Table 1 shows the difference between PORT and non-PORT patients regarding the different prognostic factors studied. There was no significant difference between the two groups regarding different prognostic factors except the group of patients with four or more axillary nodes (75% of the PORT group vs 32% of the non-PORT group) and more MRM in the non-PORT group (71% vs 54%). However, the patients who received PORT had a more advanced stage compared with the non-PORT patients.

Table 1 Patients’ characteristics
Note: a83 received radiation and 28 did not receive radiation (matching mainly done based on surgical type and stage).
Abbreviations: AJCC, American Joint Committee on Cancer; BCT, breast-conserving treatment; IDC, invasive duct carcinoma; ILC, invasive lobular carcinoma; MRM, modified radical mastectomy; PORT, postoperative radiotherapy; TNBC, triple-negative breast cancer.

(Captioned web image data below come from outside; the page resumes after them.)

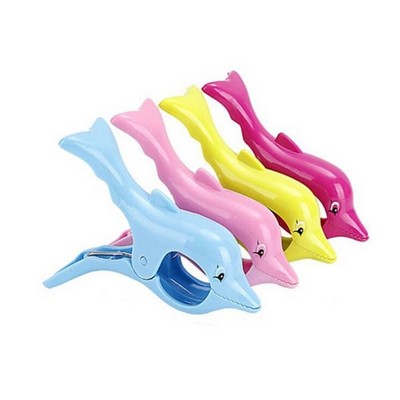 Dolphin Beach Towel Clip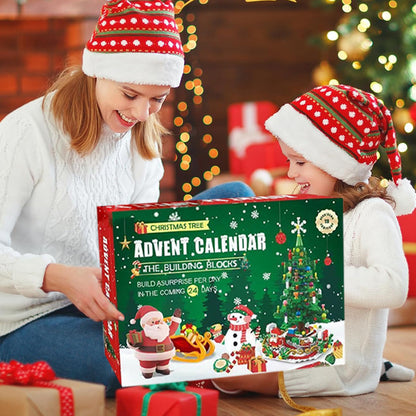 Kerstboom Adventskalender Bouwset – 1102 Onderdelen en 24 Dozen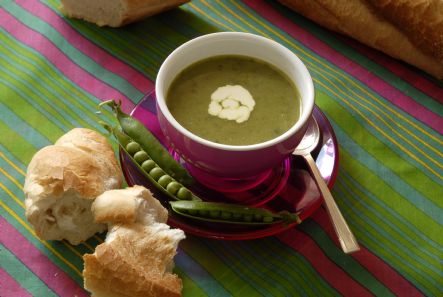 Recipe – Hint of mint pea soup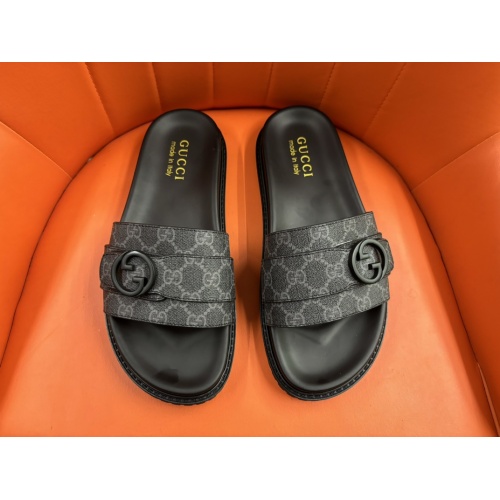 Gucci Slippers For Men #1208163 $56.00 USD, Wholesale Replica Gucci Slippers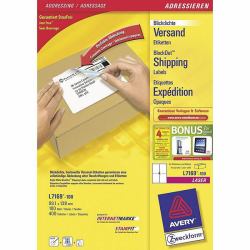 Avery L7169-100 etiqueta autoadhesiva Blanco 400 pieza[s] 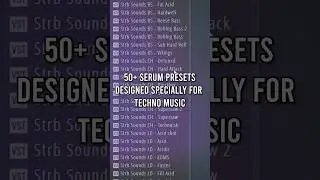 The Ultimate Techno Serum Preset Pack #shorts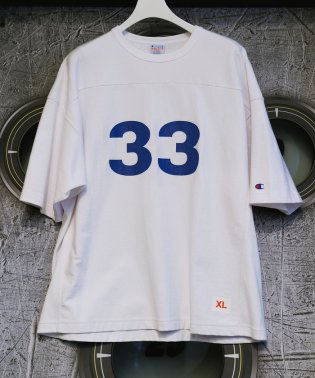 ADAM ET ROPE'/【別注】《Champion / チャンピオン》Reverse Weave Football Tee/505112184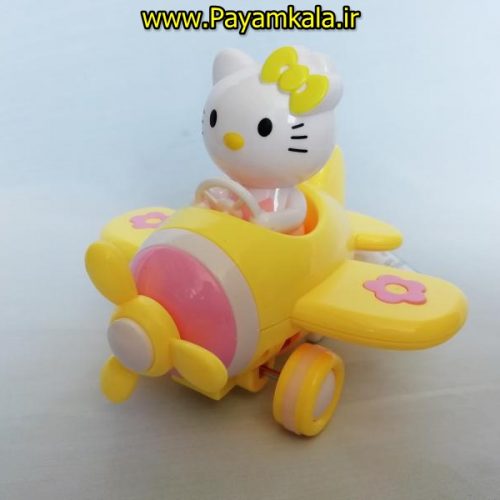 هواپیما پلاستیکی نشکن قدرتی با کیتی (KITTY CAT FRICTION TOY)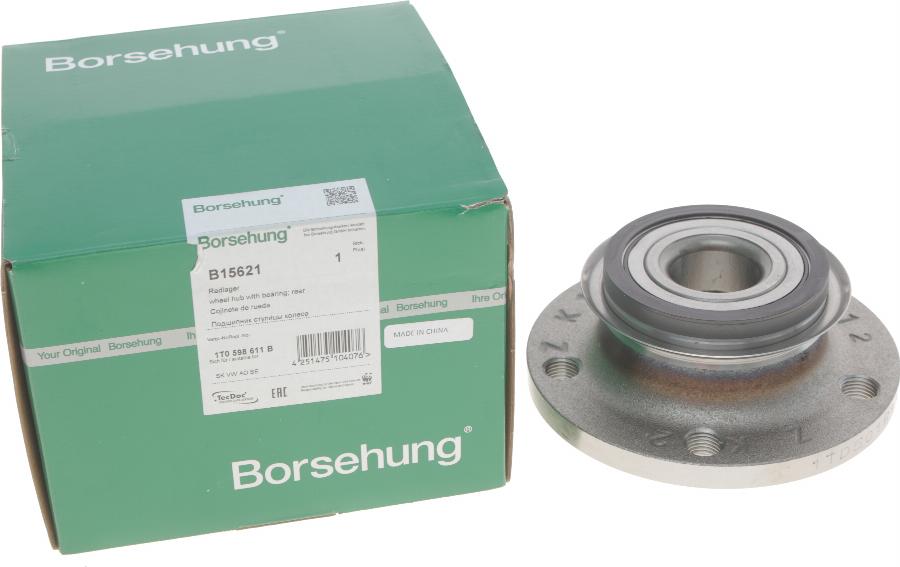 Borsehung B15621 - Комплект подшипника, ступицы колеса onlydrive.pro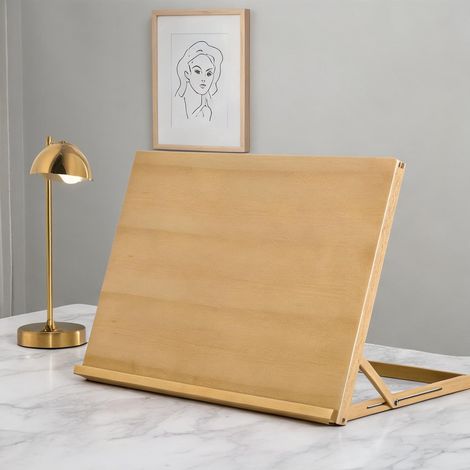 Chevalet de table pliable en bois de hêtre 75,8 x 51,4 x 51 cm (1/5)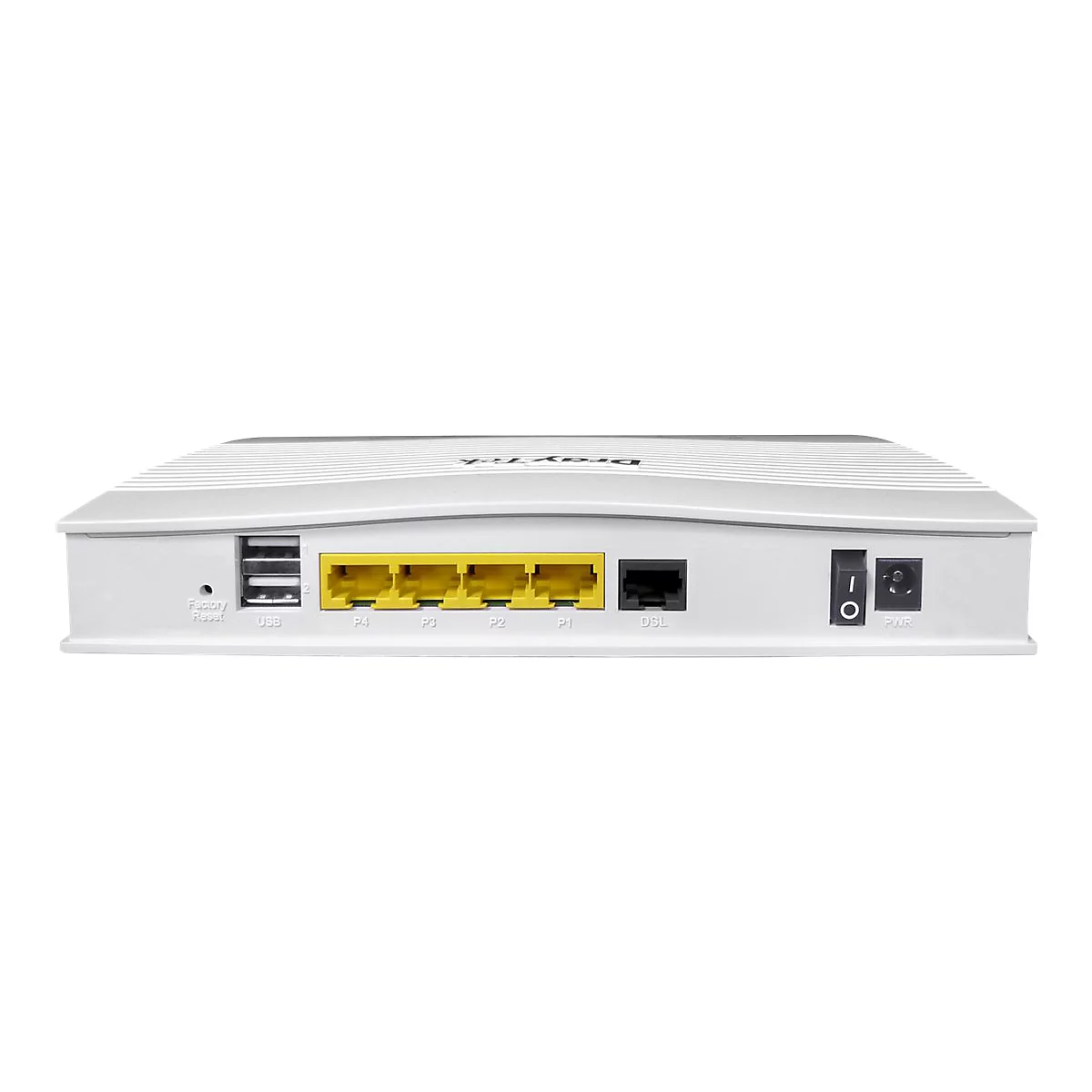 Draytek Vigor 2766 - Router - DSL-Modem 4-Port-Switch - 1GbE - WAN-Ports: 2 - wandmontierbar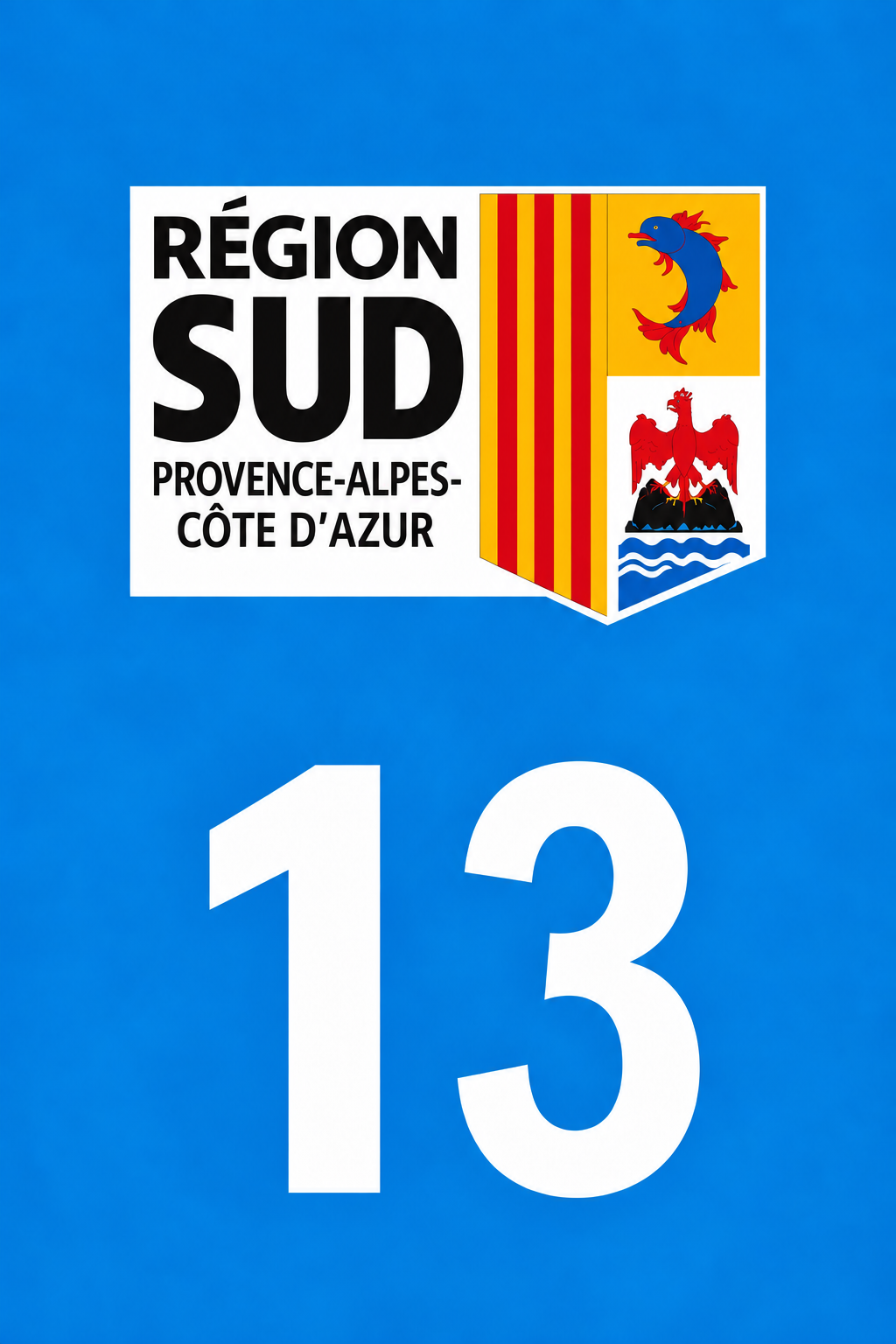 M3413 Magnet plaque immatriculation département Bouches-du-Rhône (13)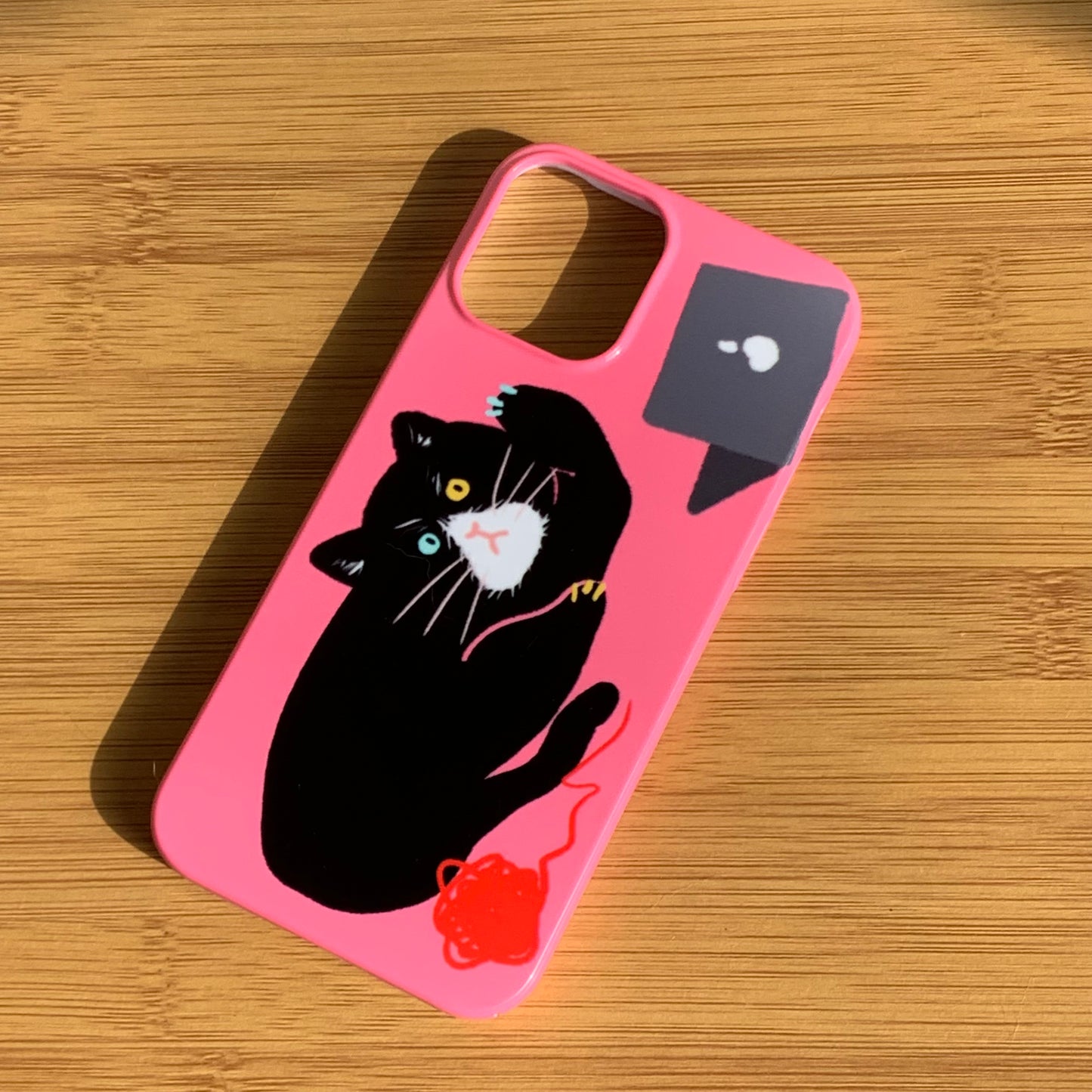 Black Pink kitten phone case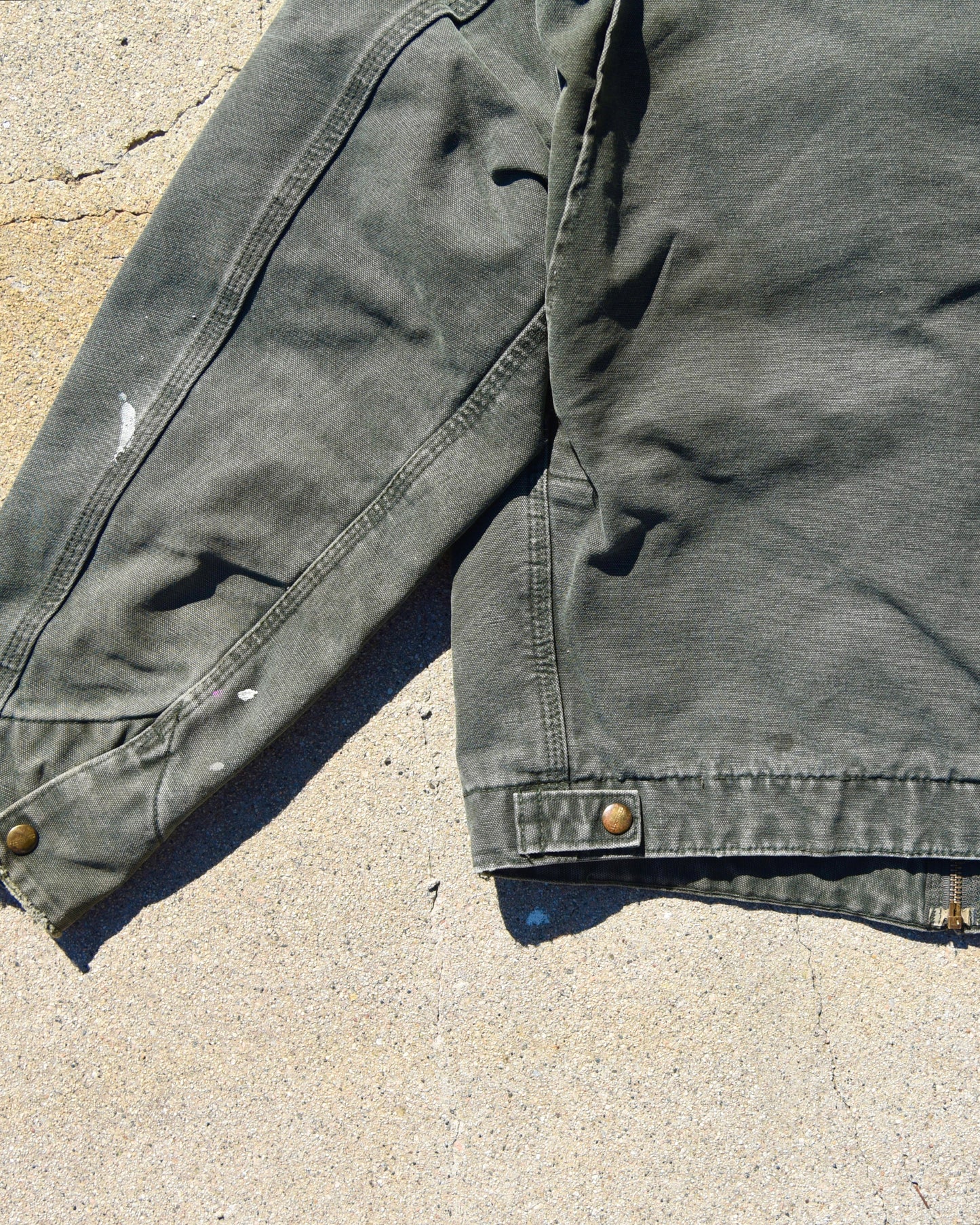 Carhartt Detroit Jacket J97 MOS Moss Green Blanket Lined Medium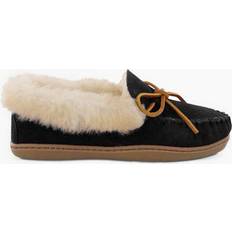 Women Moccasins Minnetonka Alpine Genuine Shearling W - Black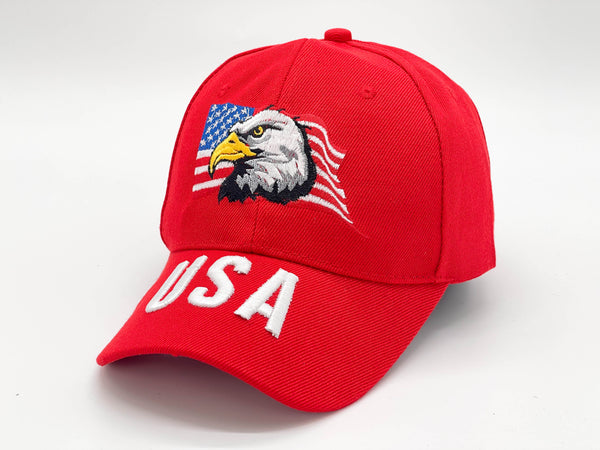 "USA EAGLE" BASEBALL CAP WHOLESALE BY DOZEN(12PCS)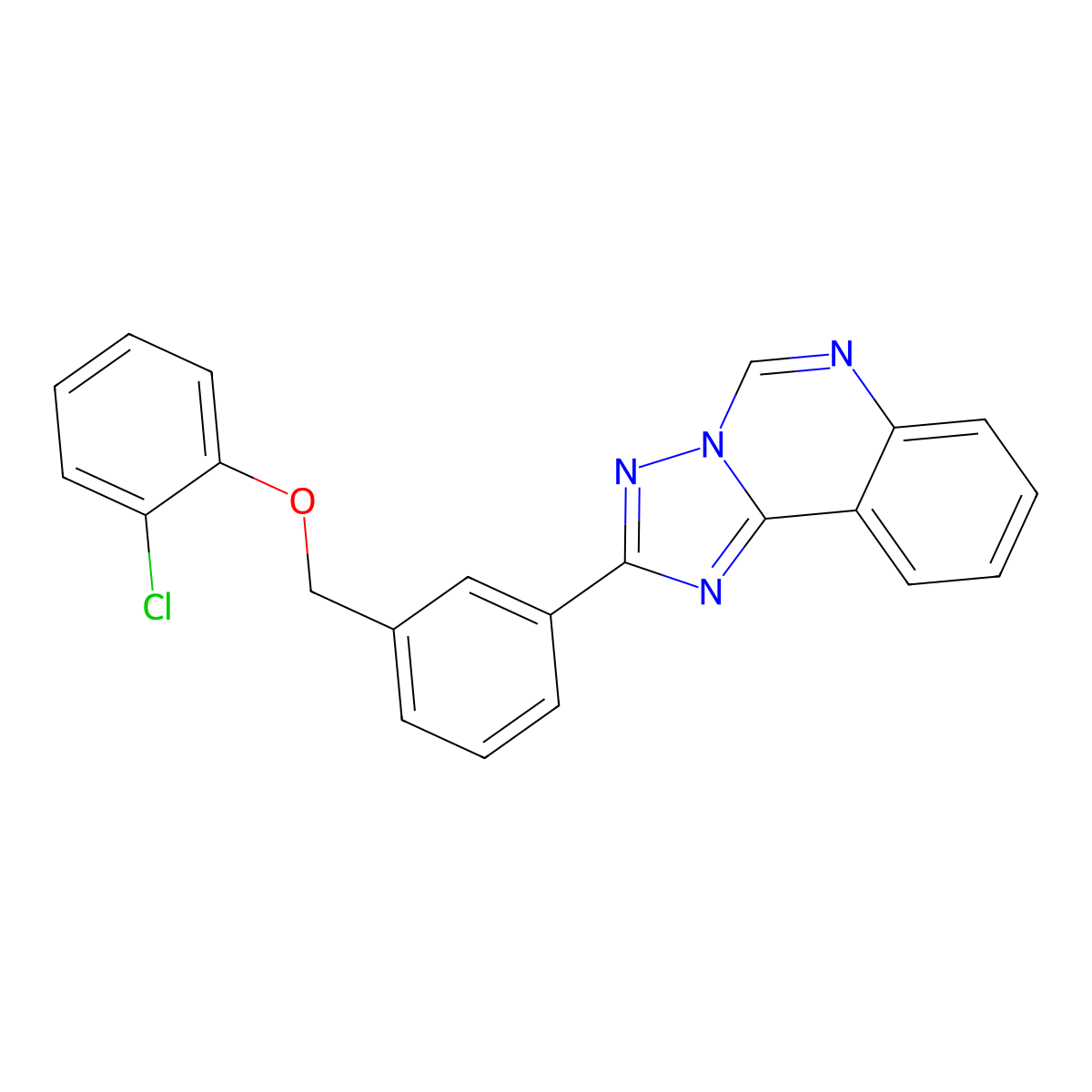 2-{3-[(2-Chlorophenoxy)methyl]phenyl}[1,2,4]triazolo[1,5-c]quinazoline molecular structure, CAS 832140-08-6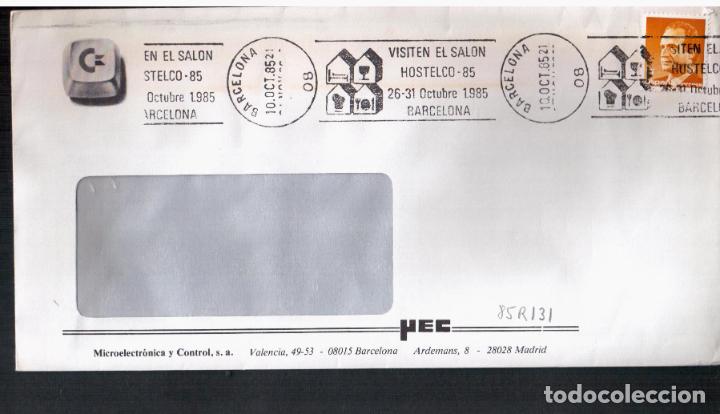 Sellos: BARCELONA 1985 CC RODILLO SALON HOSTELERIA HOSTELCO - Foto 1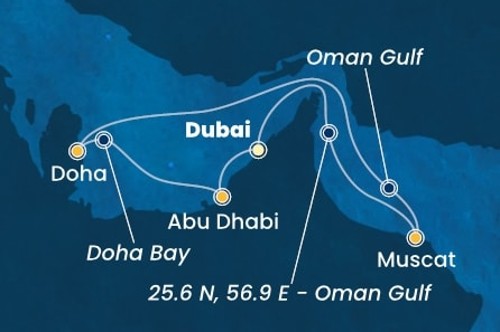 Cruise itinerary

PORT effect on local recurrence and survival for TNBC patients

The median follow-up was 64 months (range 24–93 months). At the time of analysis, 13 patients (11%) developed local recurrence: five of 70 (7%) in the PORT group and eight of 41 (19.5%) in the non-PORT group. Local recurrence in the PORT group was documented as one patient stage I, one patient stage II, and three patients stage III. On the other hand, local recurrence was documented in three patients stage II and five patients stage III of the non-PORT group. The risk of local recurrence was observed as higher during the first 2 years after primary treatment and then after 5 years. All local failures were seen in the presence of distant metastasis.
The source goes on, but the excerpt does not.